As a new year for US transportation begins, the question of what’s to come inevitably comes to the fore. Forintermodal, 2018 was a good year, the best in some time. But it also was a year of missed opportunities. Rather than a springboard for future gains, the industry’s performance may have created new challenges that will need to be overcome in the coming months. Meanwhile, big changes are under way in the underlying intermodal network and service offerings, with uncertain implications for the industry’s growth prospects.

A more-challenging market

The United States is emerging from a period of exceptionally tight truck capacity, the tightest since hours-of-service (HOS) regulations were changed in 2004. The electronic logging device (ELD) mandate that took effect in December 2017 leveled the playing field among truckers and provided powerful enforcement of the HOS rules.

Truckers reacted rationally by scheduling more conservatively, no longer willing to take the risk of tight shipper schedules and running out of hours. This lowered productivity and created an immediate need to add more drivers — a need the industry was unable to meet in the near term. The result was a period of tight capacity while the trucking industry worked to gain enough drivers to right-size the fleet to meet the demand.

For intermodal, success in such a market simply meant having available capacity. Shippers weren’t particularly sensitive to speed, reliability, or price as long as they could get their load moved in a reasonable manner. But intermodal’s limitations, in the form of rail service deterioration, shortages of dray capacity, and an inadequate supply of domestic containers, limited the sector’s gains and may have left a sour taste in some shippers’ mouths.

As often happens in such situations, the solution to the trucking shortage lay in the responses to the crisis.Adjustments in driver pay and conditions have enabled truckers to add drivers, and shipper responses such as decreased use of live loading and other driver-friendly changes have improved productivity. Even throughout the busy 2018 holiday season, evidence mounted that trucking was beginning to return to a more normal state, and this should continue into 2019.

A major wild card is overall US economic growth. Although the tax cut and increased government spending have provided a near-term boost to GDP, economists’ general expectation is that economic growth will slow to the previous trend-level next year. As GDP goes, so goes demand for freight transportation. The rate of growth in demand also will slow under those conditions.

For intermodal, this means the focus will shift from a capacity story to a much more normal competitive posture versus truck. Gains will have to be won the old-fashioned way: by earning them.

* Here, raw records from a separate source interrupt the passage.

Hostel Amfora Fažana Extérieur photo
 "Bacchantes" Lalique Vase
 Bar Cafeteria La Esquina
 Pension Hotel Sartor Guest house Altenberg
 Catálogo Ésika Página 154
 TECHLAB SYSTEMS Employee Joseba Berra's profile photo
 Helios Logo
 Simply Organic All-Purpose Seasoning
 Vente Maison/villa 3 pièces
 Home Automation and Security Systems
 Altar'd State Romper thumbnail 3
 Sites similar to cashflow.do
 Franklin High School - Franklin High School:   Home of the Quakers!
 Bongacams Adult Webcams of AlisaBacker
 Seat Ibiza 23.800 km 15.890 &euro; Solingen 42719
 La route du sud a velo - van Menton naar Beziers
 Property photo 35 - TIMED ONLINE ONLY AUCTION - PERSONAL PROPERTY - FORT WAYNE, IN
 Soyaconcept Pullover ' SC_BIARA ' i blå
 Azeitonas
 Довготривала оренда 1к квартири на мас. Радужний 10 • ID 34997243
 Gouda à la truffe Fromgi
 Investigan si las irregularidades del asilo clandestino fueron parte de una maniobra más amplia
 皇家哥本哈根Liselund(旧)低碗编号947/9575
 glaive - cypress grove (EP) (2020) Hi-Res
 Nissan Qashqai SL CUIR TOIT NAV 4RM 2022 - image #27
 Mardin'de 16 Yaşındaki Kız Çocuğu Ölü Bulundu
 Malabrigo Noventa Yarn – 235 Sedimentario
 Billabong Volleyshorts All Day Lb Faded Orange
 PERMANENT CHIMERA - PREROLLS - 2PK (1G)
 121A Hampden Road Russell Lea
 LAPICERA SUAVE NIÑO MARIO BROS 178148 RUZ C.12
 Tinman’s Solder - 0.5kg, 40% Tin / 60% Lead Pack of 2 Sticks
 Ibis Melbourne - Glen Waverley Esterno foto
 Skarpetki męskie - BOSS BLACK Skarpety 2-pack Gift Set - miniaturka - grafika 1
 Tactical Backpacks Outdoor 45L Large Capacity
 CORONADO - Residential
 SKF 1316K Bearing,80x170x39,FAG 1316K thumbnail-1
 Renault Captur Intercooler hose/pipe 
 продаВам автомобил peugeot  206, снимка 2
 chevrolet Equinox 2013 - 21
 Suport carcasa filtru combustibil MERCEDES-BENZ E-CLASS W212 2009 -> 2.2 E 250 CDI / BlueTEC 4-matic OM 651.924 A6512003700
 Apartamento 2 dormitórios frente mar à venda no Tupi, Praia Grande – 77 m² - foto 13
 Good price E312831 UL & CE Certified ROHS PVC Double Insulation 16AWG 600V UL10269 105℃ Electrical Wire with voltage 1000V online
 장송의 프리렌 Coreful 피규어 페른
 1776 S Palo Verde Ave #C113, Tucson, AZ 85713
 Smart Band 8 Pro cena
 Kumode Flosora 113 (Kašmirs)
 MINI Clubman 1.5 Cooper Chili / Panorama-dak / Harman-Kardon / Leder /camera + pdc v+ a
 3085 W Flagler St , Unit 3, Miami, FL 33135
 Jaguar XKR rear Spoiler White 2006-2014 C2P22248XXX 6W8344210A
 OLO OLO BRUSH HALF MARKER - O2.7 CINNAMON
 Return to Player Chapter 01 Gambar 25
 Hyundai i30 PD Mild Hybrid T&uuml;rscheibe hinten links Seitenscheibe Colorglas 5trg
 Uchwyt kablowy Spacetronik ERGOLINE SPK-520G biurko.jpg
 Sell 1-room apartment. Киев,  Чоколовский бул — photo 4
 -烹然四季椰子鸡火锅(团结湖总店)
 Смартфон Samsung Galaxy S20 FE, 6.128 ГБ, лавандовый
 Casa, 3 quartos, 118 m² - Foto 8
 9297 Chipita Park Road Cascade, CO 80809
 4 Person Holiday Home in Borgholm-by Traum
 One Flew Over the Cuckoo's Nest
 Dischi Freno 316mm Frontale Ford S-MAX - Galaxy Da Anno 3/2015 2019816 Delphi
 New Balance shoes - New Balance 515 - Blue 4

International trends unsettled

Roughly 65 to 70 percent of all intermodal activity is tied to import-export flows, a measure that includes transloads but excludes cross-border North American Free Trade Agreement movements. It stands to reason, then, that a big chunk of the 2019 intermodal outlook rests on international trade trends.

The prospect of a deepening trade war, of course, has injected an unusual amount of uncertainty in the question. Trade growth was relatively strong in 2018, but the push and pull of tariff developments have affected the timing of cargo movements and likely shaved some volume off last autumn’s peak.

Now the prospect is for a strong finish as imports sprint to get across the finish line prior to the threatened next round of tariff increases. This may have boosted fourth-quarter 2018 volume — the December US-China truce that yielded an agreement to delay the latest round of tariffs for 90 days came after many importers had already shipped goods to beat the original Jan. 1 imposition date — but it was at the direct expense to this year’s first quarter.

Meanwhile, there is the important question of port routings. Import migration from the US West Coast to the East and Gulf coasts has been evident. While US West Coast inbound TEU volume was up 3.6 percent in the first 10 months of 2018, the combined East and Gulf coasts were up 6.8 percent over the same time frame. This can generally be considered an intermodal-unfriendly trend in that lengths of haul off the Eastern Seaboard are generally shorter than off the West Coast, so intermodal has to work harder to compete for its share.

A changing intermodal network

Another source of uncertainty lies in the ongoing restructuring of the US intermodal network, particularly in the east and across the intermodal gateways. The tide of intermodal network expansion occurring in recent years appears to have peaked and has started to ebb. Secondary lanes are being pruned and at least some terminal closures may occur. Steel-wheel interchange has been curtailed for many lanes in another back-to-the-future move. But a potential offset is the extension of BNSF Railway’s network deep into the eastern region to CSX Transportation’s Northwest Ohio ramp.

The general theory is that by simplifying the network, the streamlined intermodal product will be faster and more reliable, engendering traffic gains in core lanes that exceed the secondary lane volumes that have been sloughed off. Time will tell if the strategy will be successful.

2019: cautious optimism

The overall situation warrants cautious optimism. The economy is starting 2019 with a head of steam and is unlikely to slow abruptly. This should provide a solid basis for intermodal growth. The fundamentals, however, point toward more challenging competitive conditions, making it likely that growth rates will moderate versus 2018.